= Underwater construction =

Industrial construction in an underwater environment

Underwater construction is industrial construction in an underwater environment. It is a part of the marine construction industry. It can involve the use of a variety of building materials, mainly concrete and steel. There is often, but not necessarily, a significant component of commercial diving involved. Some underwater work can be done by divers, but they are limited by depth and site conditions. And it is hazardous work, with expensive risk reduction and mitigation, and a limited range of suitable equipment. Remotely operated underwater vehicles are an alternative for some classes of work, but are also limited and expensive. When reasonably practicable, the bulk of the work is done out of the water, with underwater work restricted to installation, modification and repair, and inspection.

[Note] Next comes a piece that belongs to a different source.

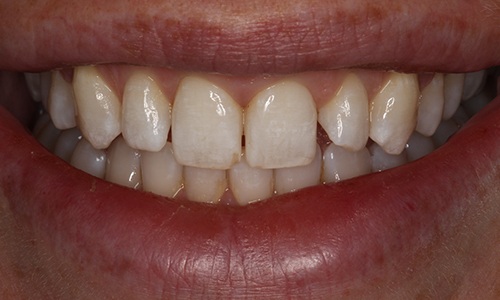 Head-on shot of smile before treatment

== Scope and applications ==
Underwater construction is common in the civil engineering, coastal engineering, energy, and petroleum extraction industries.

=== Civil engineering ===
- Construction below the water table is mostly managed by using cofferdams or pressurised caissons to exclude water sufficiently to work above the local water level within the enclosure, though it may also be possible to keep the water level down by pumping it out as fast as it seeps in, thereby artificially lowering the water table at the worksite.
- Dams, reservoirs, canals, locks
- Bridges and causeways over bodies of water often require foundation structure below water level. Usually this is done using coffer dams and caissons, which themselves may involve underwater work.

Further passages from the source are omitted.